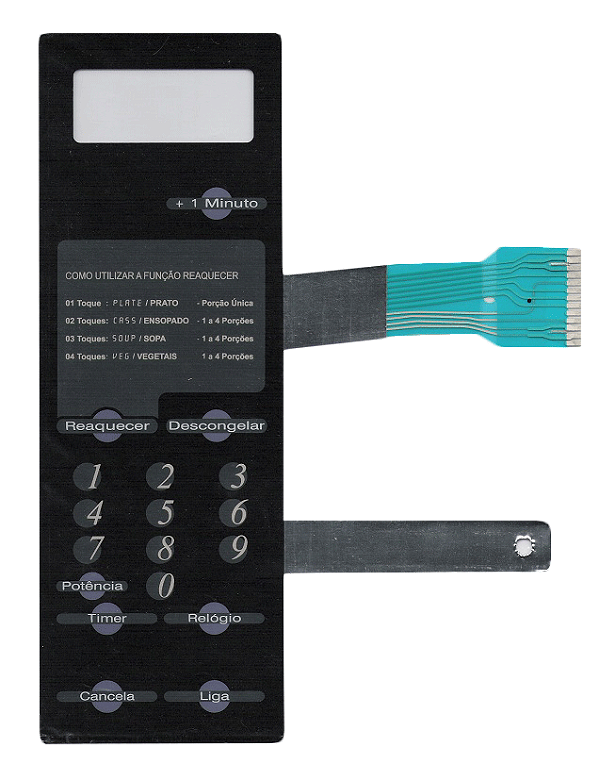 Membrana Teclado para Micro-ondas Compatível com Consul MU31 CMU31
= = = = = = =
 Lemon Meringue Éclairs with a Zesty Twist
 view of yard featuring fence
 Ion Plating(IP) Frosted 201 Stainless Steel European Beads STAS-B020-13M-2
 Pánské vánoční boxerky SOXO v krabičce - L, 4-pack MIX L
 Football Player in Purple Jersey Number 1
= = = = = = =
◆ Activity
Beginning at the line with "Lemon Meringue Éclairs with a Zesty Twist" and ending at the line with "Football Player in Purple Jersey Number 1", reproduce each line of the data above exactly, and add no other lines.

◆ Answer to this exercise
 Lemon Meringue Éclairs with a Zesty Twist
 view of yard featuring fence
 Ion Plating(IP) Frosted 201 Stainless Steel European Beads STAS-B020-13M-2
 Pánské vánoční boxerky SOXO v krabičce - L, 4-pack MIX L
 Football Player in Purple Jersey Number 1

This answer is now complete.